%%

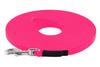 LENNIE BioThane Training Lead, 9 mm, for Dogs 5–15 kg, 1 m, No Wrist Loop, Neon Pink, Stitched view 2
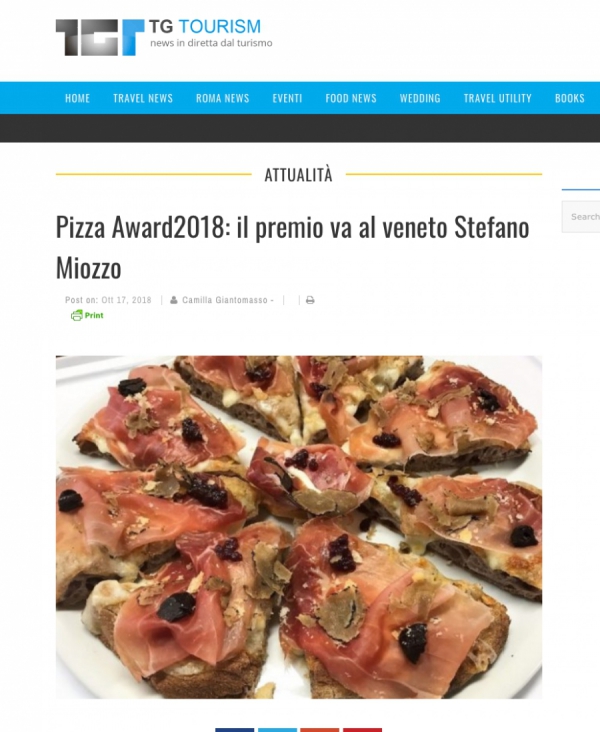 Pizza Award2018: il premio va al veneto Stefano Miozzo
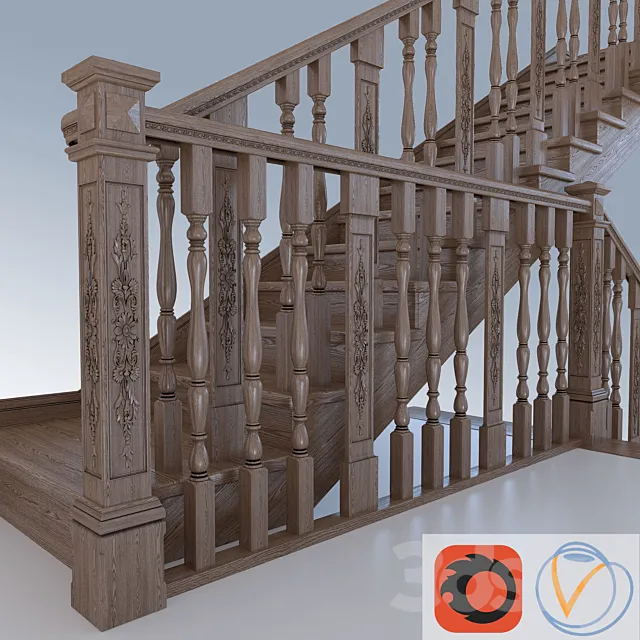 Staircase – 3D Models – 0020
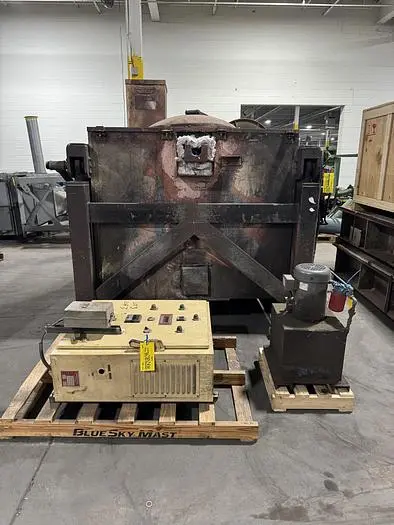 Used 2001 THERMTRONIX GAS FIRED TILTING FURNACE GT-2000 Parts (Furnace) | World Equipment and Machine Sales #394488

%%

- To do -
Transcribe the listing in full. Leave the pictures out.

- Answer box -
 LENNIE BioThane Training Lead, 9 mm, for Dogs 5–15 kg, 1 m, No Wrist Loop, Neon Pink, Stitched view 2
 Pizza Award2018: il premio va al veneto Stefano Miozzo
 Staircase – 3D Models – 0020
 Used 2001 THERMTRONIX GAS FIRED TILTING FURNACE GT-2000 Parts (Furnace) | World Equipment and Machine Sales #394488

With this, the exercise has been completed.